Plasma Enhanced Chemical Vapor Deposition (PECVD) is a process by which thin films of various materials can be deposited on substrates at lower temperature than that of
standard Chemical Vapor Deposition (CVD).
In PECVD processes, deposition is achieved by introducing reactant gases between parallel electrodes—a grounded electrode and an RF-energized electrode. The capacitive
coupling between the electrodes excites the reactant gases into a plasma, which induces a chemical reaction and results in the reaction product being deposited on the substrate.
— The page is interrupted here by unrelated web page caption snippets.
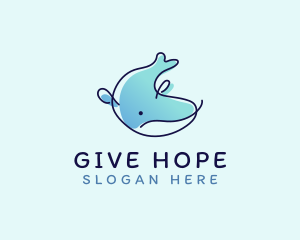 Humpback Whale Doodle logo design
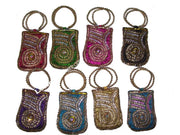 MEDIUM SIZE SATIN  EMBROIDERY  ETHNIC  MOBILE  HOLDER BAG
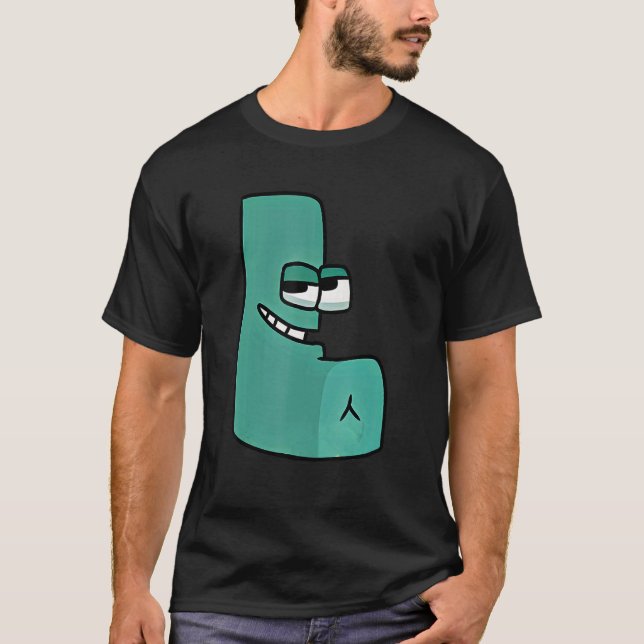 T-shirt Lettre verte L Alphabet Lore (Devant)
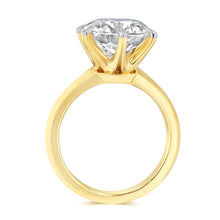 Load image into Gallery viewer, Luminesce Lab Grown 4 Carat Diamond Brilliant Solitaire Ring in 9ct Yellow Gold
The substrate, which is placed on the grounded electrode, is typically heated to 250°C to 350°C, depending on the specific film requirements. In comparison, CVD requires
600°C to 800°C. The lower deposition temperatures are critical in many applications where CVD temperatures could damage the devices being fabricated.
Plasma-Therm has been a leader in PECVD technology for more than 30 years. We offer numerous innovations in our PECVD systems that produce high-quality films. One of the
advantages of Plasma-Therm’s PECVD is the proprietary process that allows the tuning of silicon nitride film stress without the device damage that may result from Mixed
Frequency Deposition (MFD). Plasma-Therm offers PECVD technology on the Vision Series and VERSALINE
The films typically deposited using PECVD are silicon nitride (SixNy), silicon dioxide (SiO2), silicon oxy-nitride (SiOxNy), silicon carbide (SiC), and amorphous silicon
(α-Si). Silane (SiH4), the silicon source gas, is combined with an oxygen source gas to form silicon dioxide or a nitrogen gas source to produce silicon nitride.
Silicon dioxide and silicon nitride are dielectric (insulating) materials commonly used in the fabrication of electronic devices to isolate multiple conductive layers,
capacitors, and for surface passivation. These films are also used for encapsulation to protect devices from corrosion by atmospheric elements such as moisture and oxygen.